Assigned task —
Print the entries that appear below, exactly as written and without their pictures.
----------------
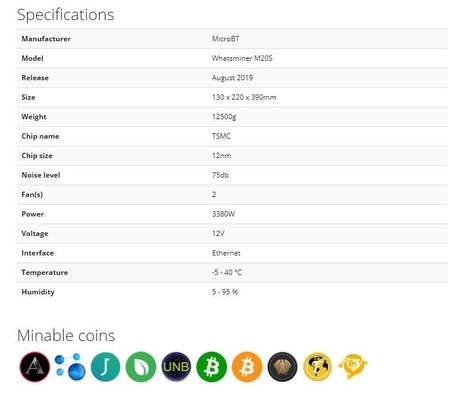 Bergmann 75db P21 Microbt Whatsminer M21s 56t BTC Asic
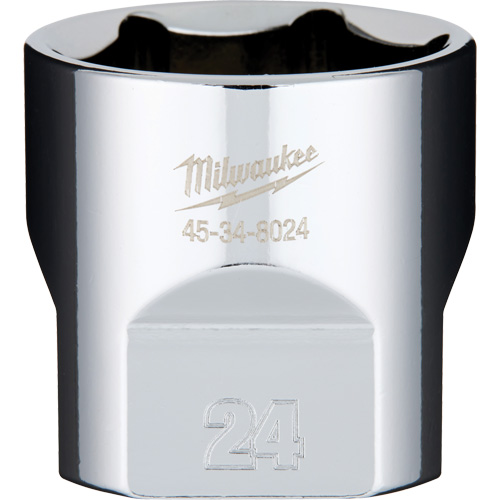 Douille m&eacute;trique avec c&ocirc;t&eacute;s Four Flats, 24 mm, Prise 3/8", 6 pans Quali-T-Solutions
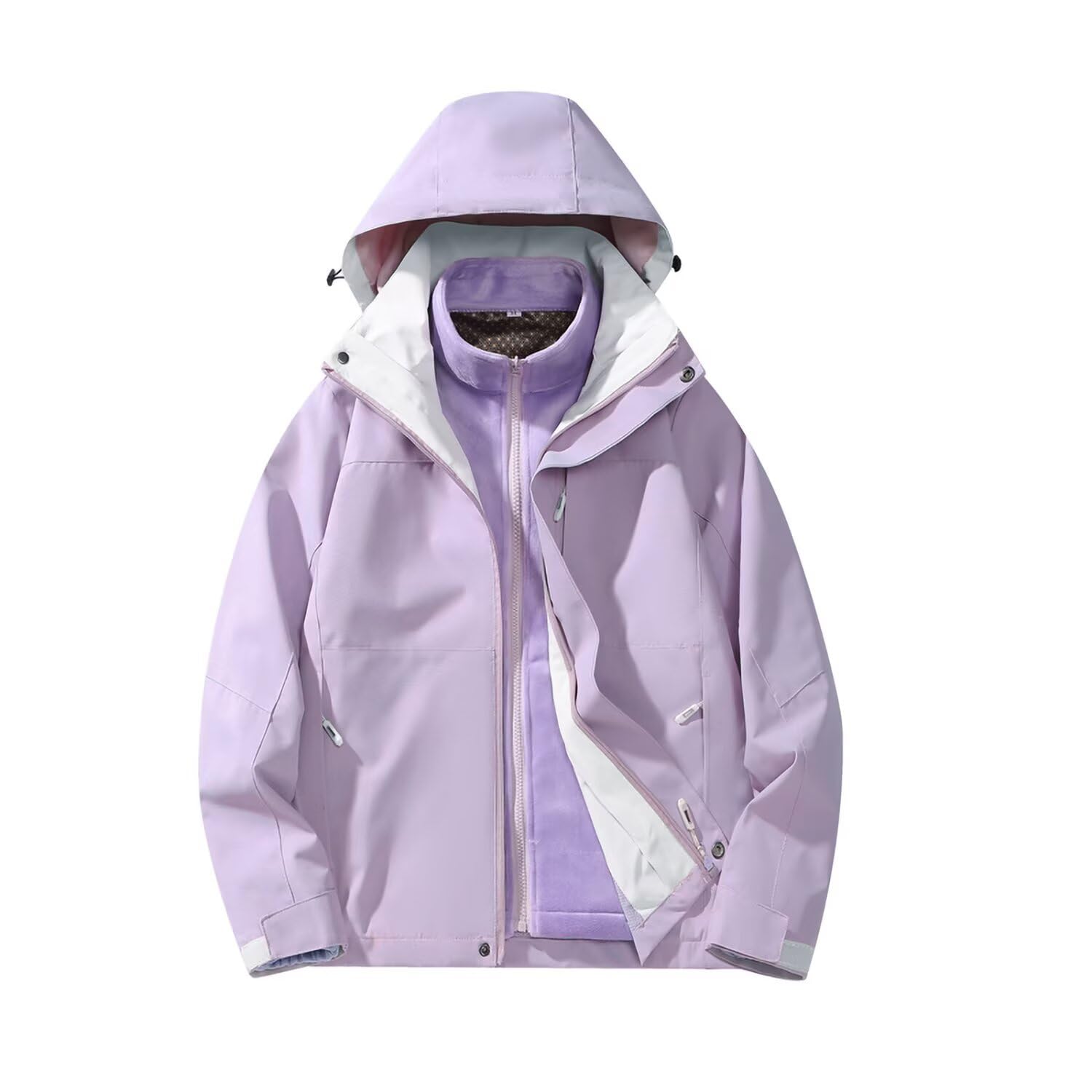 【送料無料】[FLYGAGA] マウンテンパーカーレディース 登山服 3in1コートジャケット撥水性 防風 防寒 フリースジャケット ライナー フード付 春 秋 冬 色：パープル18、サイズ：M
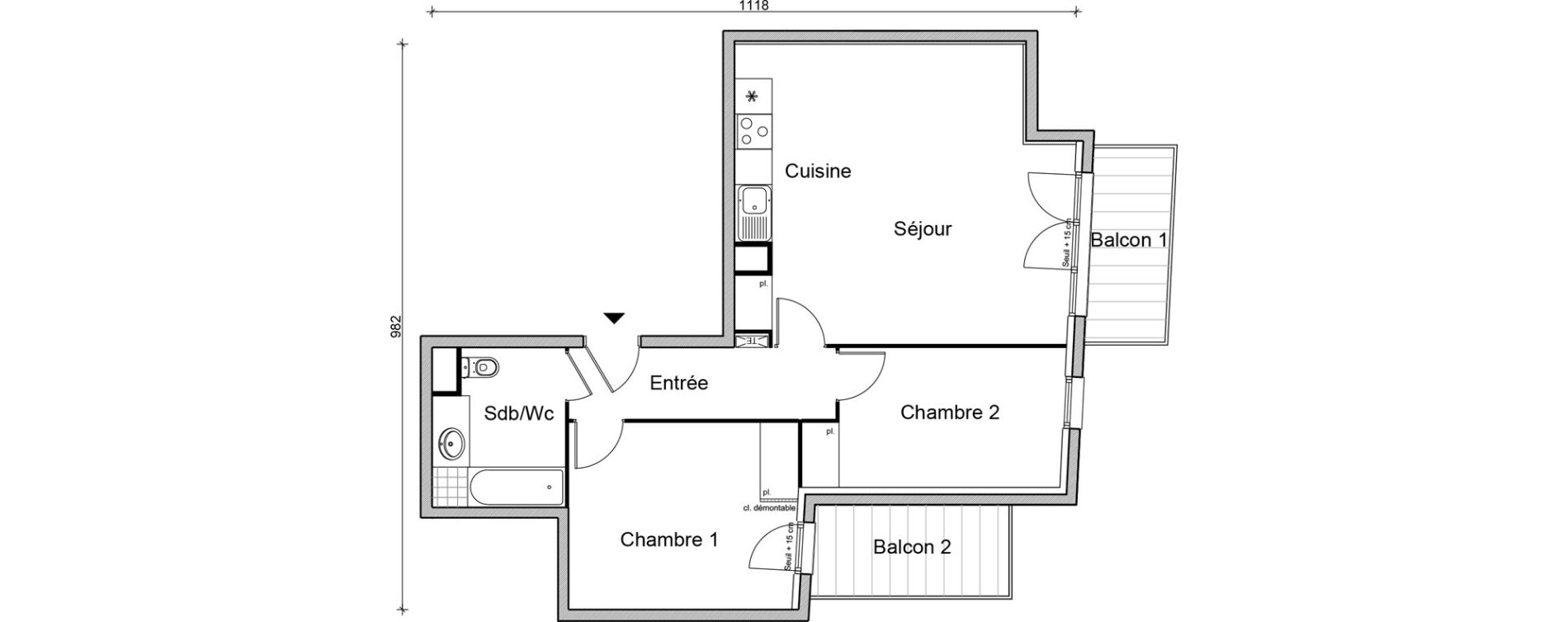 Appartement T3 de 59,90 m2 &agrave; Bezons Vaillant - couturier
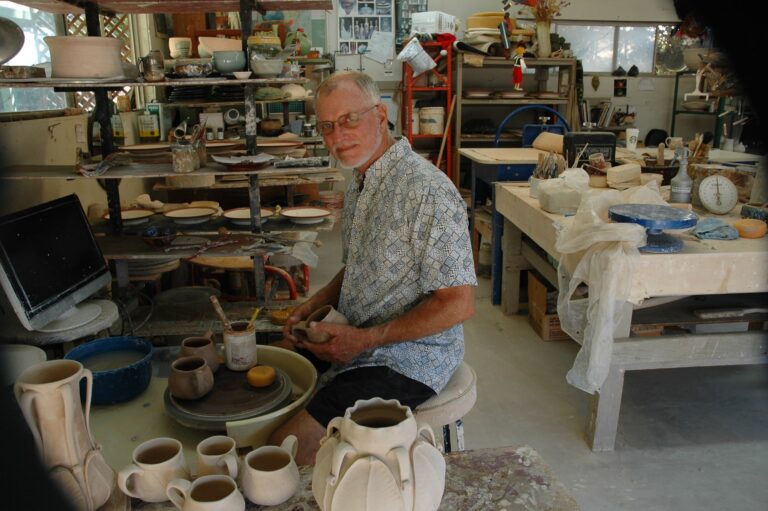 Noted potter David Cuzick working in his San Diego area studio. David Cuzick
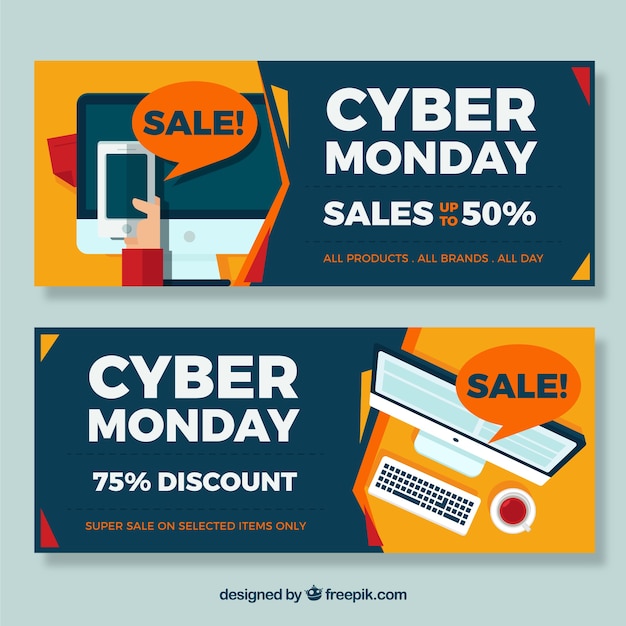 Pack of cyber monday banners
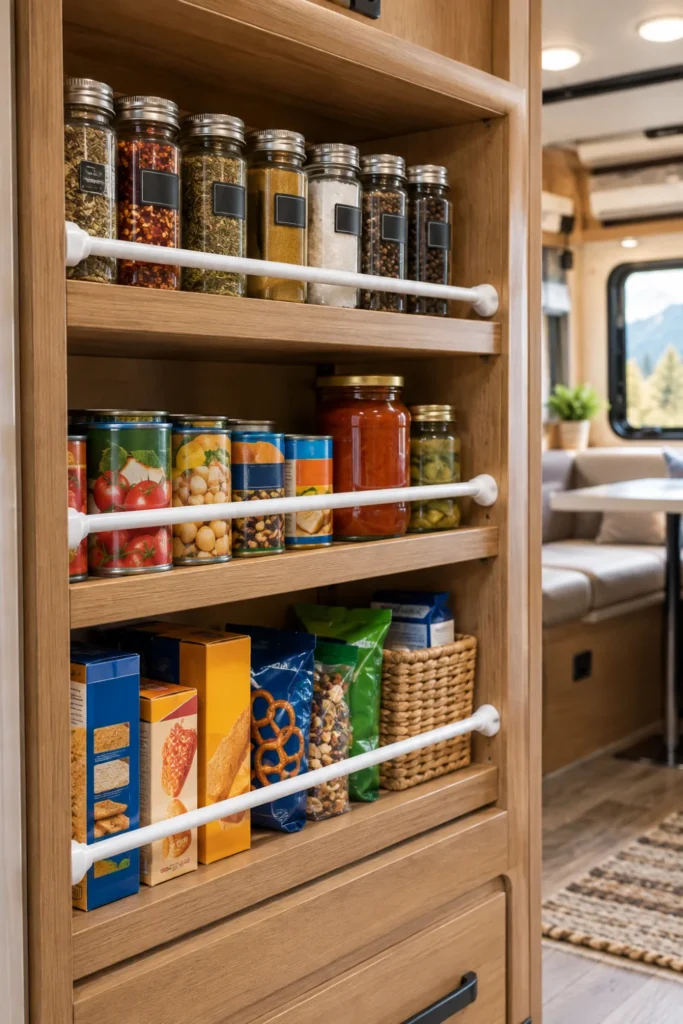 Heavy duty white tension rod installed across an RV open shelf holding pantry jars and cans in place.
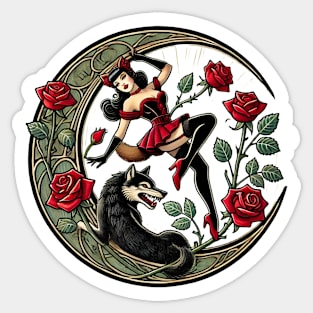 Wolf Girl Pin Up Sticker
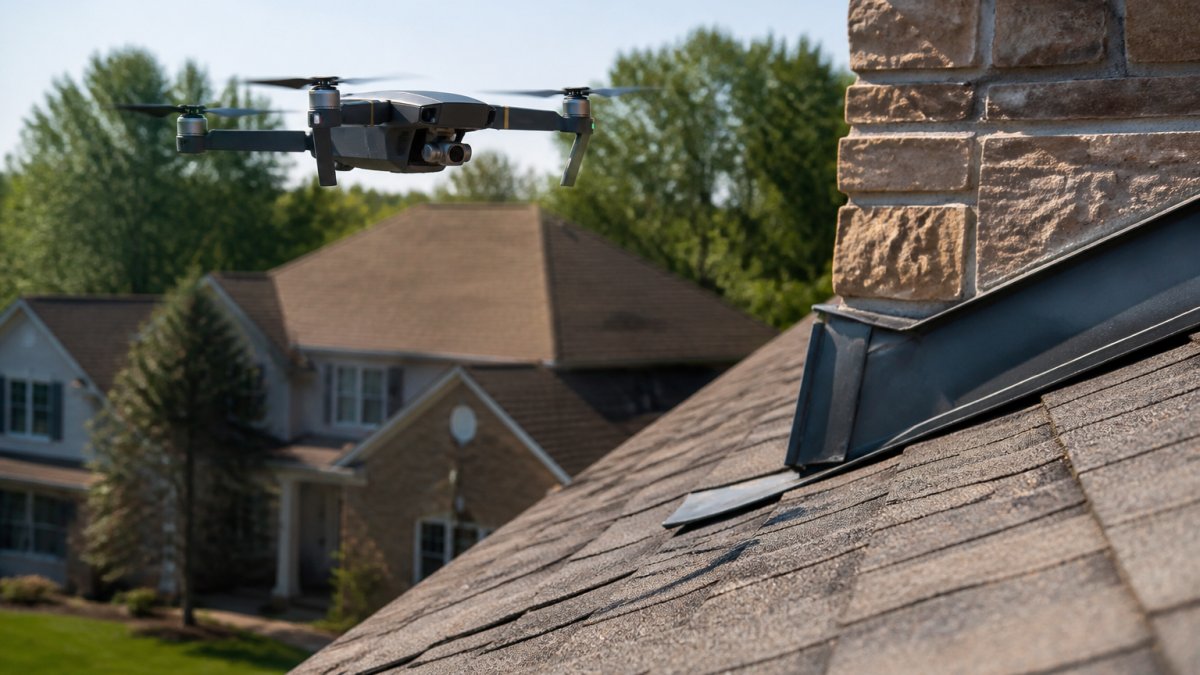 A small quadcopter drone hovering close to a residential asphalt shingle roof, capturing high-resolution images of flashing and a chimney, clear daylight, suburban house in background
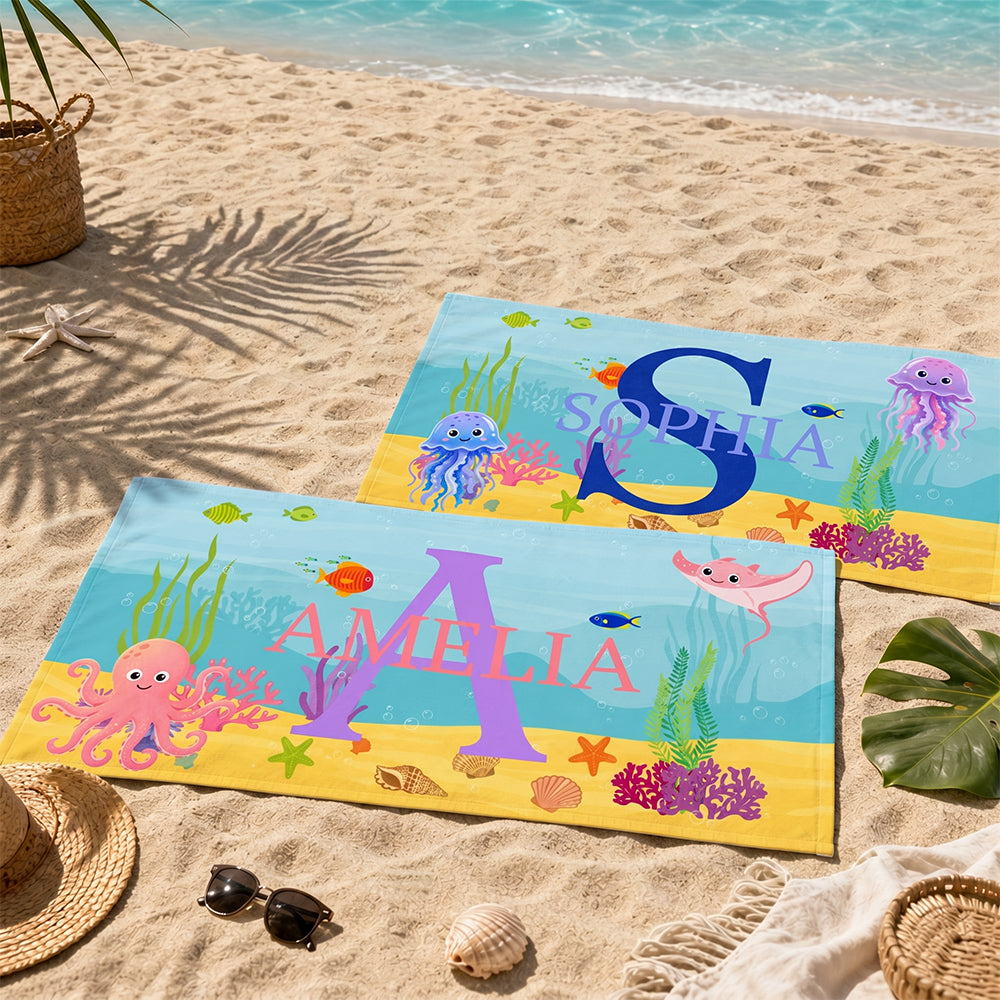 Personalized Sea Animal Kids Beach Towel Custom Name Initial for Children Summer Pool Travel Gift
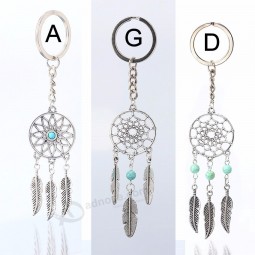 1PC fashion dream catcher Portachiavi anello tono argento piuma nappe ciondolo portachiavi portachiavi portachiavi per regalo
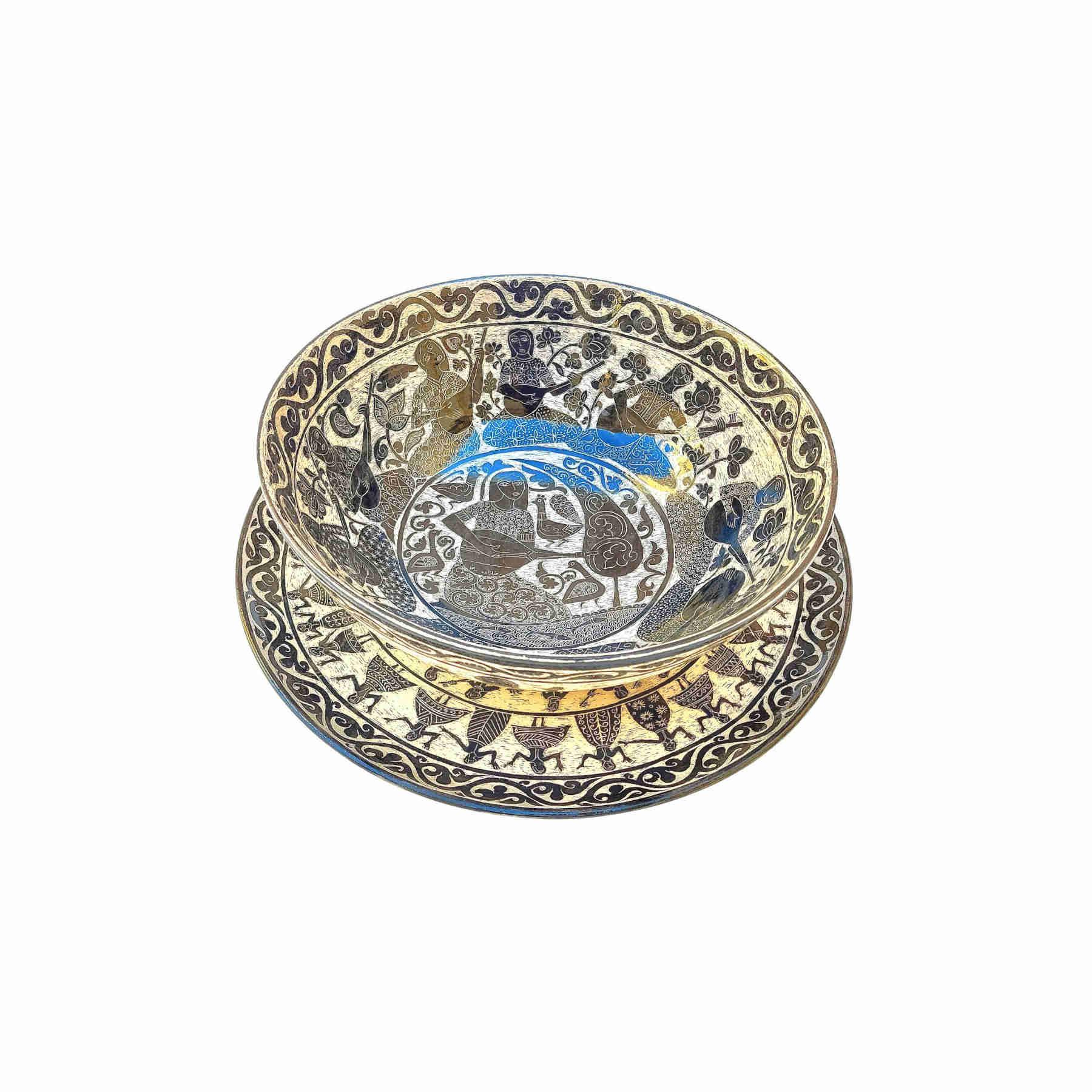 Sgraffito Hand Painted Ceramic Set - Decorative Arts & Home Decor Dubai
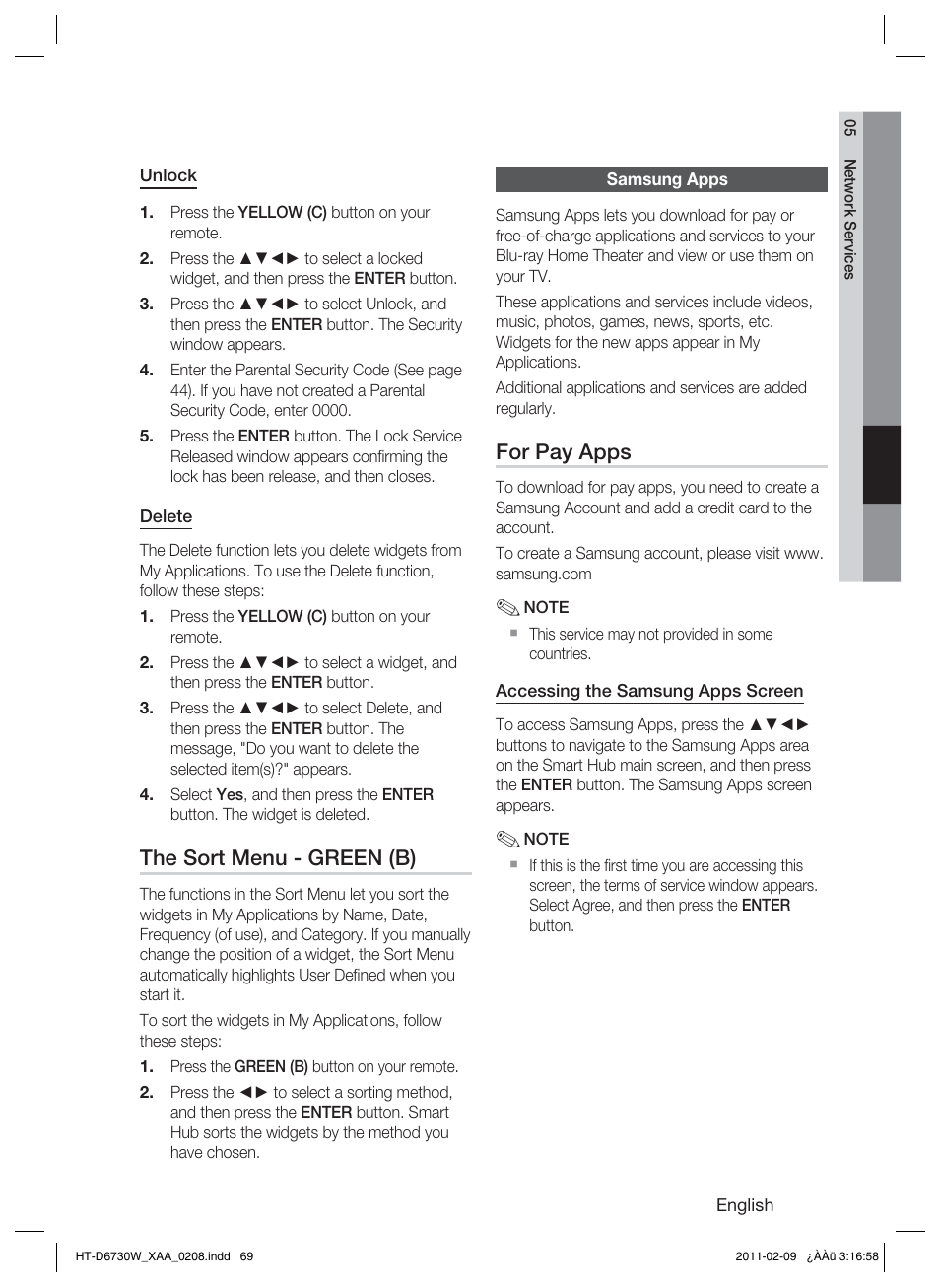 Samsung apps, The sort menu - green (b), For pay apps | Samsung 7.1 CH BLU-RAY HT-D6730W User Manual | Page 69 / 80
----------------
Reply —
 Bergmann 75db P21 Microbt Whatsminer M21s 56t BTC Asic
 Douille m&eacute;trique avec c&ocirc;t&eacute;s Four Flats, 24 mm, Prise 3/8", 6 pans Quali-T-Solutions
 【送料無料】[FLYGAGA] マウンテンパーカーレディース 登山服 3in1コートジャケット撥水性 防風 防寒 フリースジャケット ライナー フード付 春 秋 冬 色：パープル18、サイズ：M
 Appartement T3 de 59,90 m2 &agrave; Bezons Vaillant - couturier
 Noted potter David Cuzick working in his San Diego area studio. David Cuzick
 Pack of cyber monday banners
 Heavy duty white tension rod installed across an RV open shelf holding pantry jars and cans in place.
 Wolf Girl Pin Up Sticker
 A small quadcopter drone hovering close to a residential asphalt shingle roof, capturing high-resolution images of flashing and a chimney, clear daylight, suburban house in background
 Personalized Sea Animal Kids Beach Towel Custom Name Initial for Children Summer Pool Travel Gift
 1PC fashion dream catcher Portachiavi anello tono argento piuma nappe ciondolo portachiavi portachiavi portachiavi per regalo
 Sgraffito Hand Painted Ceramic Set - Decorative Arts & Home Decor Dubai
 Samsung apps, The sort menu - green (b), For pay apps | Samsung 7.1 CH BLU-RAY HT-D6730W User Manual | Page 69 / 80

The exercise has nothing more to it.